## Exercise goal
With images removed, return the whole listing exactly as written.

*** Begin section ***

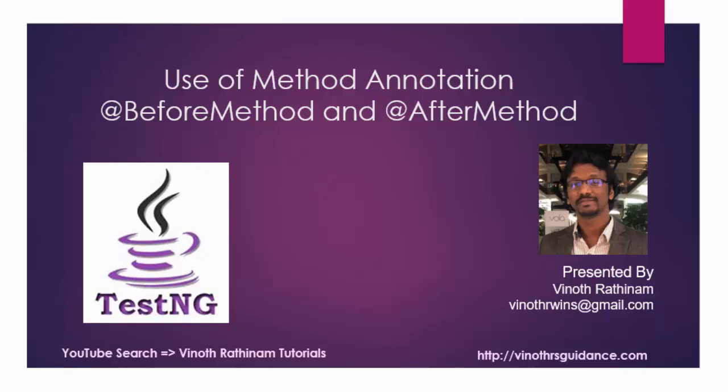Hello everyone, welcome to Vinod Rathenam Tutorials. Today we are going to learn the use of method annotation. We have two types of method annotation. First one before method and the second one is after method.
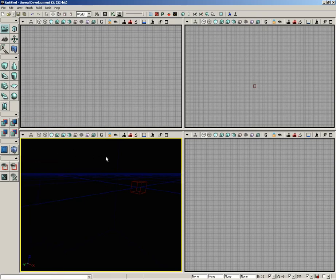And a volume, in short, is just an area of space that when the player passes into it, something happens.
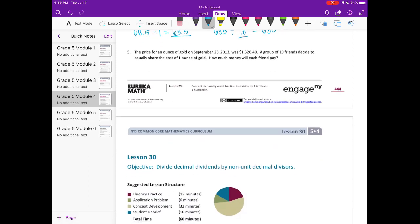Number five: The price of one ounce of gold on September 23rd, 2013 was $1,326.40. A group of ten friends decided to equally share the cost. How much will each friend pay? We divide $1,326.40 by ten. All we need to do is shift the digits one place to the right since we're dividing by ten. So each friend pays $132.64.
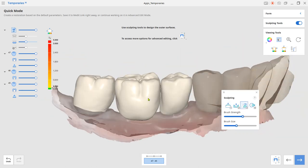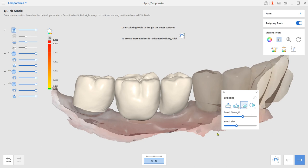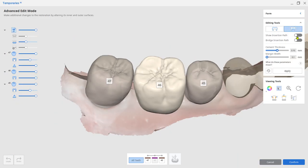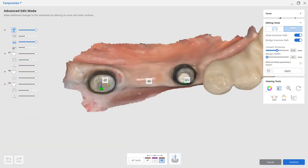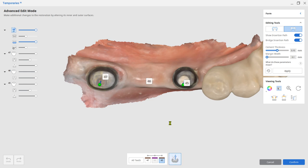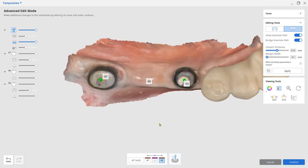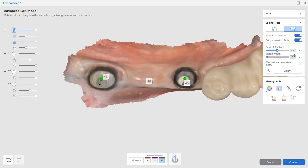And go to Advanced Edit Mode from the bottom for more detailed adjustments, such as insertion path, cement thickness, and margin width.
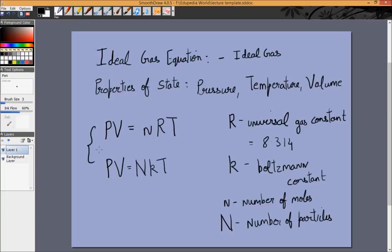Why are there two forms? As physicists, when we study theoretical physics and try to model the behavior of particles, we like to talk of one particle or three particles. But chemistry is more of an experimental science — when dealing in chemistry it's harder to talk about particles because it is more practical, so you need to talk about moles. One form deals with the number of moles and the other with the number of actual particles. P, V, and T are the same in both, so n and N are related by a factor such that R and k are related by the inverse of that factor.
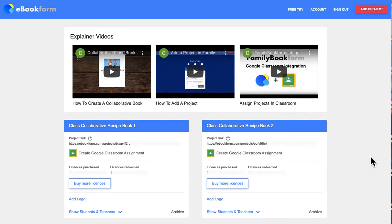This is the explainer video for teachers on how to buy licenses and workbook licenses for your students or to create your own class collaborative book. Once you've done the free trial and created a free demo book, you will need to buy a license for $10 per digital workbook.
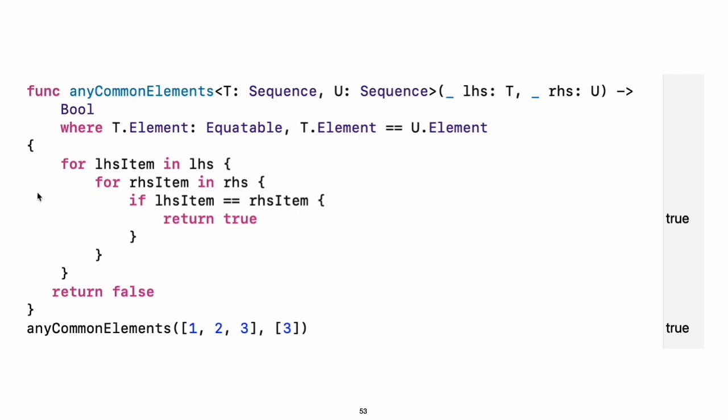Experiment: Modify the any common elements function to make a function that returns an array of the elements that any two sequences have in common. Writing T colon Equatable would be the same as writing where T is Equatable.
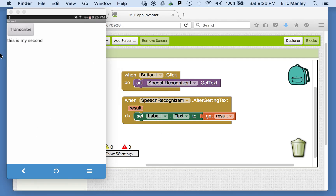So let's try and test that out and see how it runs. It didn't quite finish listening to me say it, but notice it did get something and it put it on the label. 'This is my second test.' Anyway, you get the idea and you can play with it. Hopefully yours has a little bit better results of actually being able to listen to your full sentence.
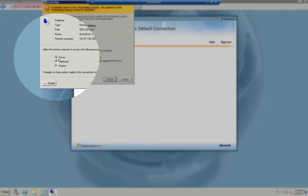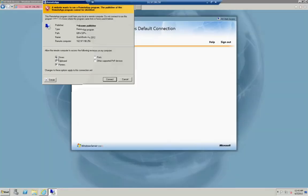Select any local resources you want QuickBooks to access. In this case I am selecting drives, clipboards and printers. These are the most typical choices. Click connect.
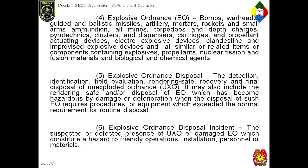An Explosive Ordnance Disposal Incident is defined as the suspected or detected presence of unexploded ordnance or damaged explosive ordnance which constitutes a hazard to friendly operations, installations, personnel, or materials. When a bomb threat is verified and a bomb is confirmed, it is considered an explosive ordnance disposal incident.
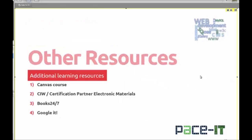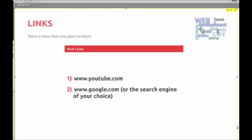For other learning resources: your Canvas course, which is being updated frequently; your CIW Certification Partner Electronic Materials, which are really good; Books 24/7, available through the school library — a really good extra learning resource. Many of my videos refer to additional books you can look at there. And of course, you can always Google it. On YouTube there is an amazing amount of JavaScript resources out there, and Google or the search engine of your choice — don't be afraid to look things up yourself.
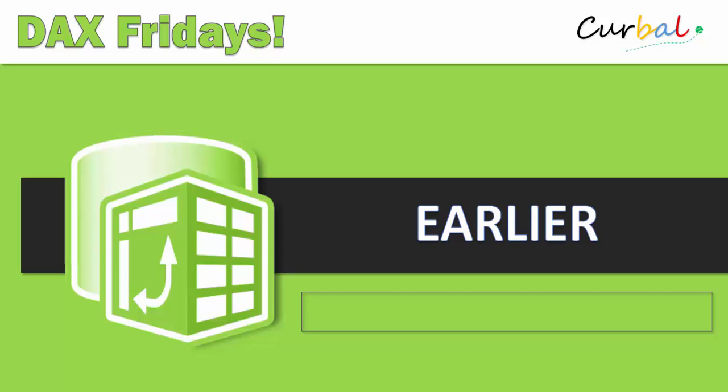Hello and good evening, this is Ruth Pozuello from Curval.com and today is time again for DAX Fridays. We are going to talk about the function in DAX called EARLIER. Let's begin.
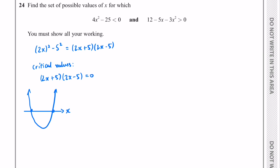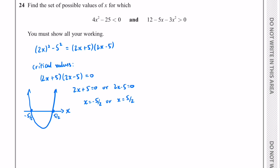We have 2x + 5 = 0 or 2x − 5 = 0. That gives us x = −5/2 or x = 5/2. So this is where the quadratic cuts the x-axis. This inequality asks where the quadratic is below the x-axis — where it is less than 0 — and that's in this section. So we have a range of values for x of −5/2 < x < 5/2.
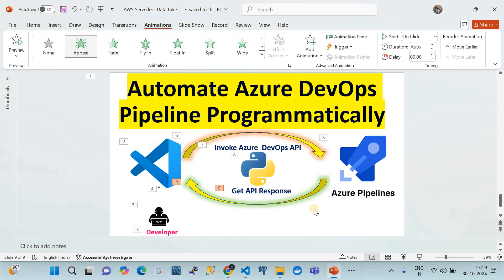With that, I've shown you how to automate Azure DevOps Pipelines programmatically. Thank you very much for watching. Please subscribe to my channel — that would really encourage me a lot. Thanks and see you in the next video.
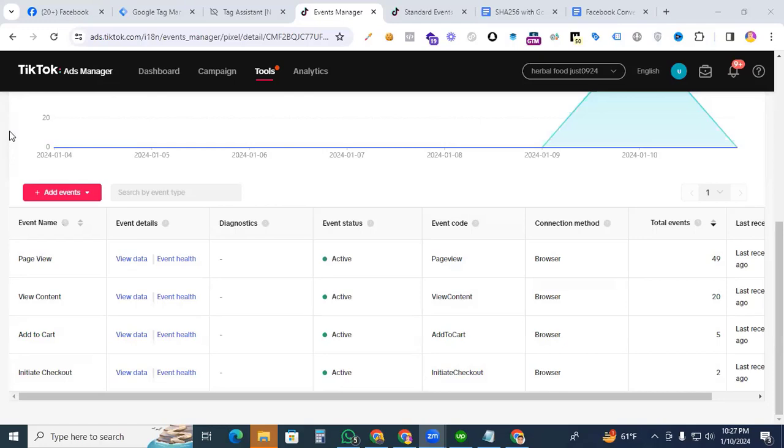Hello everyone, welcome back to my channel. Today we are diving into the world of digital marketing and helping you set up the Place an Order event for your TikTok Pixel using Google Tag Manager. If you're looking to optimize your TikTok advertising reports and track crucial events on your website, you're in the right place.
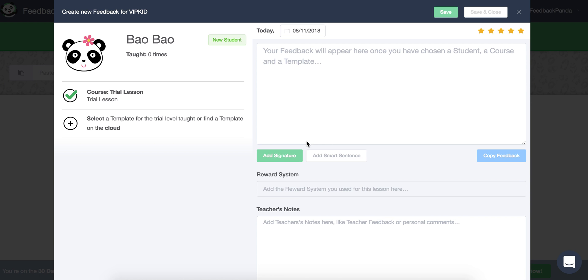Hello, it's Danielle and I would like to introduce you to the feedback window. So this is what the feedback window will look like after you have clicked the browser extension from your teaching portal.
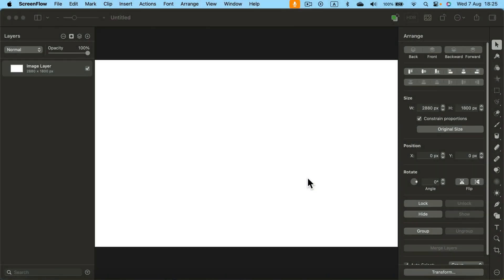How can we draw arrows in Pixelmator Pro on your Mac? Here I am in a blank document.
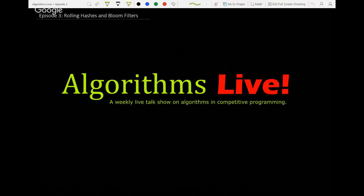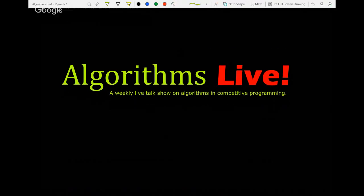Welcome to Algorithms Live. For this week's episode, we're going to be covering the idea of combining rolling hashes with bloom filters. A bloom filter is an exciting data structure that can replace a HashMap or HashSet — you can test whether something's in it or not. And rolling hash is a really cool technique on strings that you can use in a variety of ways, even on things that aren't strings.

*** End section ***

## Solution for this exercise
Hello everyone, welcome to Vinod Rathenam Tutorials. Today we are going to learn the use of method annotation. We have two types of method annotation. First one before method and the second one is after method.
And a volume, in short, is just an area of space that when the player passes into it, something happens.
Number five: The price of one ounce of gold on September 23rd, 2013 was $1,326.40. A group of ten friends decided to equally share the cost. How much will each friend pay? We divide $1,326.40 by ten. All we need to do is shift the digits one place to the right since we're dividing by ten. So each friend pays $132.64.
And go to Advanced Edit Mode from the bottom for more detailed adjustments, such as insertion path, cement thickness, and margin width.
Why are there two forms? As physicists, when we study theoretical physics and try to model the behavior of particles, we like to talk of one particle or three particles. But chemistry is more of an experimental science — when dealing in chemistry it's harder to talk about particles because it is more practical, so you need to talk about moles. One form deals with the number of moles and the other with the number of actual particles. P, V, and T are the same in both, so n and N are related by a factor such that R and k are related by the inverse of that factor.
This is the explainer video for teachers on how to buy licenses and workbook licenses for your students or to create your own class collaborative book. Once you've done the free trial and created a free demo book, you will need to buy a license for $10 per digital workbook.
Experiment: Modify the any common elements function to make a function that returns an array of the elements that any two sequences have in common. Writing T colon Equatable would be the same as writing where T is Equatable.
So let's try and test that out and see how it runs. It didn't quite finish listening to me say it, but notice it did get something and it put it on the label. 'This is my second test.' Anyway, you get the idea and you can play with it. Hopefully yours has a little bit better results of actually being able to listen to your full sentence.
Select any local resources you want QuickBooks to access. In this case I am selecting drives, clipboards and printers. These are the most typical choices. Click connect.
An Explosive Ordnance Disposal Incident is defined as the suspected or detected presence of unexploded ordnance or damaged explosive ordnance which constitutes a hazard to friendly operations, installations, personnel, or materials. When a bomb threat is verified and a bomb is confirmed, it is considered an explosive ordnance disposal incident.
For other learning resources: your Canvas course, which is being updated frequently; your CIW Certification Partner Electronic Materials, which are really good; Books 24/7, available through the school library — a really good extra learning resource. Many of my videos refer to additional books you can look at there. And of course, you can always Google it. On YouTube there is an amazing amount of JavaScript resources out there, and Google or the search engine of your choice — don't be afraid to look things up yourself.
Hello and good evening, this is Ruth Pozuello from Curval.com and today is time again for DAX Fridays. We are going to talk about the function in DAX called EARLIER. Let's begin.
We have 2x + 5 = 0 or 2x − 5 = 0. That gives us x = −5/2 or x = 5/2. So this is where the quadratic cuts the x-axis. This inequality asks where the quadratic is below the x-axis — where it is less than 0 — and that's in this section. So we have a range of values for x of −5/2 < x < 5/2.
With that, I've shown you how to automate Azure DevOps Pipelines programmatically. Thank you very much for watching. Please subscribe to my channel — that would really encourage me a lot. Thanks and see you in the next video.
Hello everyone, welcome back to my channel. Today we are diving into the world of digital marketing and helping you set up the Place an Order event for your TikTok Pixel using Google Tag Manager. If you're looking to optimize your TikTok advertising reports and track crucial events on your website, you're in the right place.
Hello, it's Danielle and I would like to introduce you to the feedback window. So this is what the feedback window will look like after you have clicked the browser extension from your teaching portal.
How can we draw arrows in Pixelmator Pro on your Mac? Here I am in a blank document.
Welcome to Algorithms Live. For this week's episode, we're going to be covering the idea of combining rolling hashes with bloom filters. A bloom filter is an exciting data structure that can replace a HashMap or HashSet — you can test whether something's in it or not. And rolling hash is a really cool technique on strings that you can use in a variety of ways, even on things that aren't strings.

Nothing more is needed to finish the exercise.